Architecture

TokenHub is a Go application structured as a layered system with clear package boundaries and dependency injection.

Package Layout

tokenhub/
├── cmd/tokenhub/          # Entry point, signal handling, HTTP server lifecycle
├── internal/
│   ├── app/               # Server construction, config loading, wiring
│   ├── apikey/            # API key manager + auth middleware
│   ├── events/            # In-memory event bus (pub/sub for SSE)
│   ├── health/            # Provider health tracker + active prober
│   ├── httpapi/           # HTTP handlers and route mounting
│   ├── logging/           # Structured logging setup (slog)
│   ├── metrics/           # Prometheus metric registry
│   ├── providers/         # Provider adapter contract + context helpers
│   │   ├── openai/        # OpenAI adapter
│   │   ├── anthropic/     # Anthropic adapter
│   │   └── vllm/          # vLLM adapter
│   ├── router/            # Routing engine, scoring, orchestration, Thompson Sampling
│   ├── stats/             # In-memory statistics collector
│   ├── store/             # Persistence layer (SQLite)
│   ├── temporal/          # Temporal workflow integration
│   ├── tsdb/              # Time-series database (SQLite-backed)
│   └── vault/             # AES-256-GCM encrypted credential vault
├── web/                   # Embedded admin UI (index.html)
└── docs/                  # This documentation

Dependency Flow

cmd/tokenhub/main.go
  └── internal/app.NewServer(cfg)
        ├── vault.New()
        ├── router.NewEngine()
        ├── store.NewSQLite()
        ├── health.NewTracker()
        ├── health.NewProber()         → health.Tracker
        ├── loadCredentialsFile()      → router.Engine
        ├── loadPersistedProviders()   → router.Engine
        ├── router.NewThompsonSampler()
        ├── apikey.NewManager()        → store.Store
        ├── metrics.New()
        ├── events.NewBus()
        ├── stats.NewCollector()
        ├── tsdb.New()
        ├── temporal.New()             → (optional)
        └── httpapi.MountRoutes()      → Dependencies{...}

All dependencies flow downward.

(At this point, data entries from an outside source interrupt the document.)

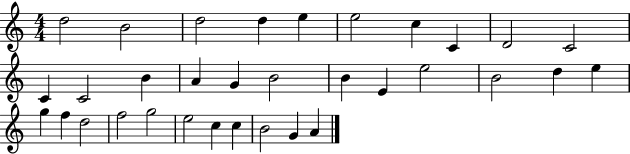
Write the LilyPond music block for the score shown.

{
  \clef treble
  \numericTimeSignature
  \time 4/4
  \key c \major
  d''2 b'2 | d''2 d''4 e''4 | e''2 c''4 c'4 | d'2 c'2 | \break c'4 c'2 b'4 | a'4 g'4 b'2 | b'4 e'4 e''2 | b'2 d''4 e''4 | \break g''4 f''4 d''2 | f''2 g''2 | e''2 c''4 c''4 | b'2 g'4 a'4 | \break \bar "|."
}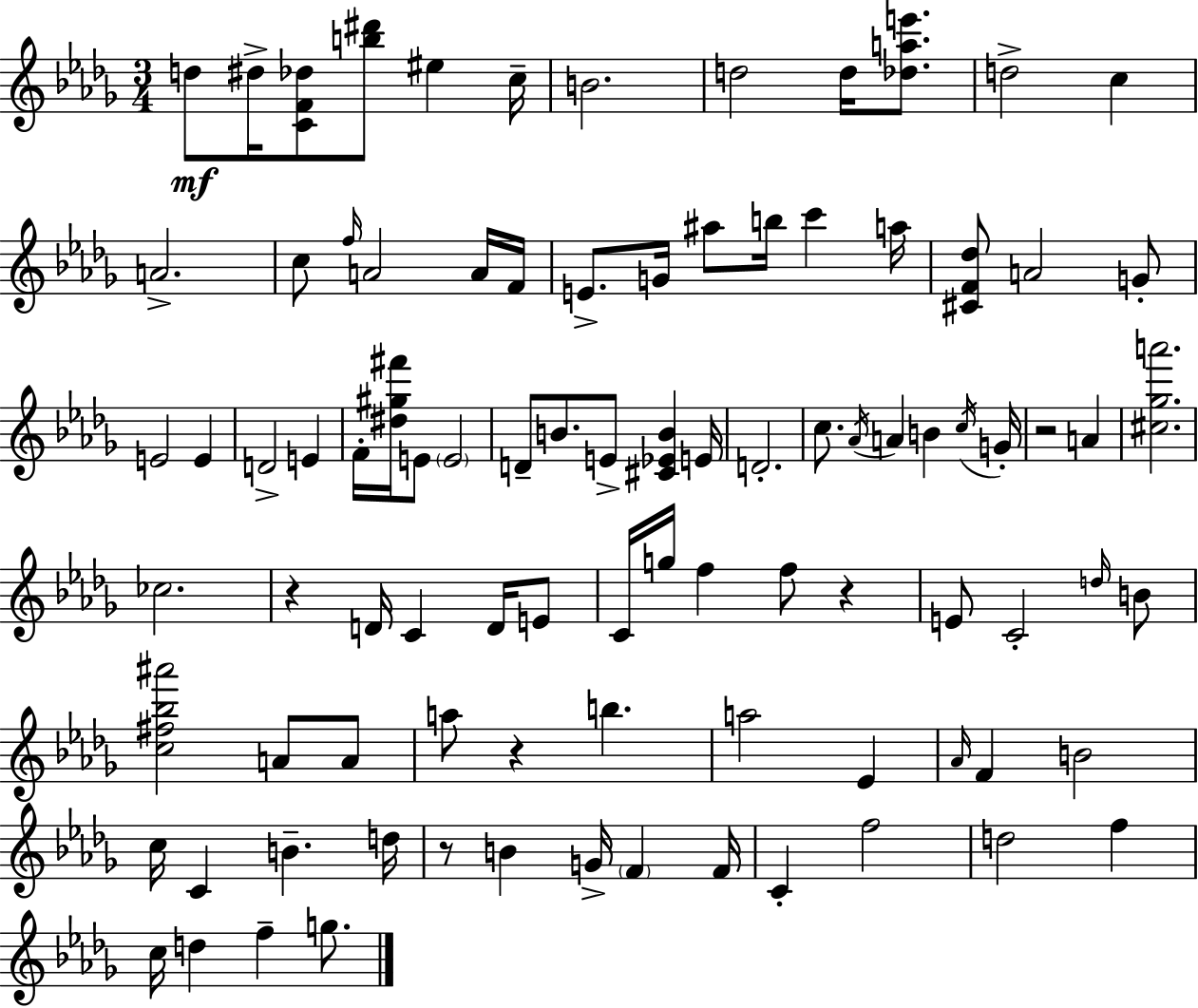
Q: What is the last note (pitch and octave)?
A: G5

HTTP handlers receive a Dependencies struct containing all services they need.

Key Interfaces

router.Sender

The provider adapter contract:

type Sender interface {
    ID() string
    Send(ctx context.Context, model string, req Request) (ProviderResponse, error)
    ClassifyError(err error) *ClassifiedError
}

router.StreamSender

Optional streaming extension:

type StreamSender interface {
    Sender
    SendStream(ctx context.Context, model string, req Request) (io.ReadCloser, error)
}

health.Probeable

Health probe interface for providers:

type Probeable interface {
    ID() string
    HealthEndpoint() string
}

store.Store

Persistence interface with methods for models, providers, request logs, audit logs, reward entries, API keys, vault blobs, and routing configuration.

Request Lifecycle

  1. HTTP handler receives the request, validates input, extracts API key
  2. Directive parser scans messages for @@tokenhub overrides and strips them
  3. Policy resolution: Merge request policy with server defaults and directive overrides
  4. Token estimation: Estimate input tokens (explicit or chars/4 heuristic)
  5. Model selection: Filter eligible models, score by policy weights, sort
  6. Provider dispatch: Call the top-scored model's adapter
  7. Error handling: On failure, classify the error and escalate/retry/failover
  8. Output shaping: Apply output format (JSON schema validation, think-block stripping)
  9. Observability: Record metrics, TSDB points, request logs, reward entries, SSE events
  10. Response: Return the provider response with routing metadata

Concurrency Model

  • The HTTP server uses Go's standard net/http with chi router (goroutine per request)
  • The TSDB uses internal write buffering (batched inserts)
  • The health prober runs as a background goroutine with configurable interval
  • The Thompson Sampler refresh runs as a background goroutine
  • The TSDB prune loop runs as a background goroutine (hourly)
  • Temporal workflows (when enabled) are managed by the Temporal worker

All background goroutines are cleanly stopped via Server.Close().

Configuration

All configuration is via environment variables, loaded in internal/app/config.go. See Configuration Reference for the complete list.

Embedding

The admin UI (web/index.html) is embedded in the binary using Go's //go:embed directive in the root embed.go file. This means the entire application is a single self-contained binary.